February 19th, 2013 at 10:05 am by David Farrar

Telecom have announced:

Telecom, Vodafone and Telstra announced today they have signed a non-binding memorandum of understanding (MoU) to co-invest in the construction of a new submarine cable between Auckland and Sydney.
The new cable, tentatively titled the Tasman Global Access (TGA) Cable, will significantly improve New Zealand’s international telecommunications connectivity as well as strengthen links into fast-growing Asian markets.

The total cost of the TGA cable is expected to be less than US$60 million. The cable will incorporate three fibre pairs with a current design capacity of 30 terabits per second – approximately 300 times the current internet data demand out of New Zealand.

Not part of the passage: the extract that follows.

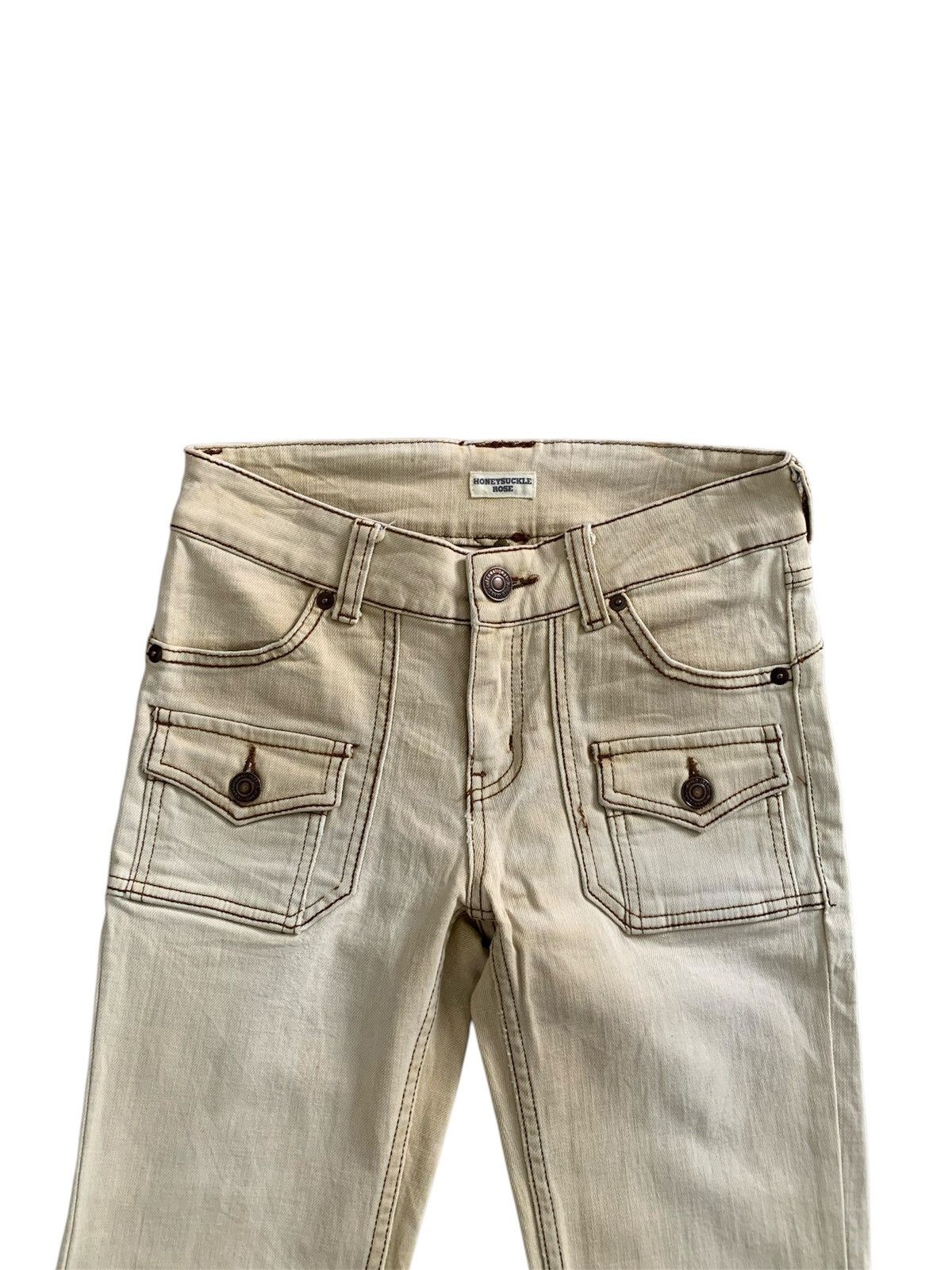 Japanese Brand Honeysuckle Rose Faded Bush Flared Jeans Size US 28 / EU 44 - 3 Thumbnail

30 terabits a second isn’t bad!

The TGA cable will achieve significant international connectivity benefits for New Zealand at a fraction of the build cost of another, much longer trans-Pacific cable, the consortium partners said.

It would be nice to have another trans-Pacific cable also, but this announcement is good news as it means more competition and more capacity. What is pleasing is that it is not just Telecom (who have the biggest stake of Southern Cross) but also Telstra and Vodafone.

Telecom chief executive Simon Moutter and Vodafone New Zealand CEO Russell Stanners jointly commented: “The business case for a new cable between New Zealand and Australia is compelling, providing greater capacity and global redundancy capability. It also reflects the growing importance of trans-Tasman internet traffic: for example, around 40% of both Telecom and Vodafone’s international internet traffic is now Australia to New Zealand, versus just 10% in 2000.

“We are seeing increased data content being provided from Australia-based servers by global companies and being accessed by New Zealand internet users. An additional cable connection with Australia will strengthen the business case for international data servers to be located in New Zealand.

I’ve blogged on this in the past. NZ will never be big enough to have global datacentres here, but if we can get the Googles and Apples of the world to do regional datacentres in Sydney, then we will pull more and more of our data from Australia rather than the United States.